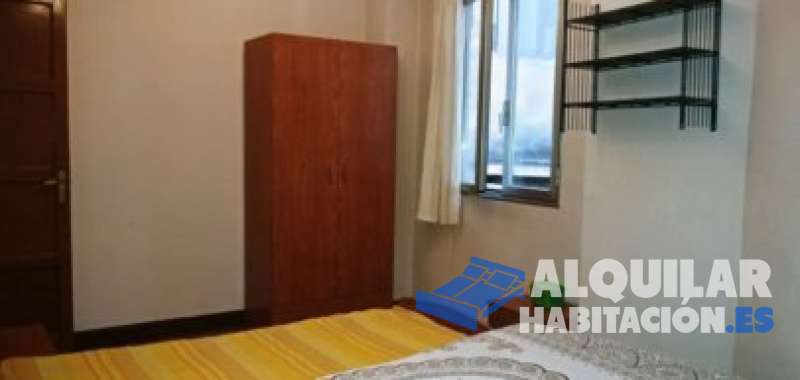 Foto 4193 Foto 4193 Habitación individual, con ventana a patio interior.
Con todos los servicios a un paso.
Los gastos están incluidos en el precio,
El precio no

───

*ABOUT THIS EXERCISE*. Only a number should be given: the count of lines above that contain the word "precio".

*ANSWER TO THIS PROBLEM*. 2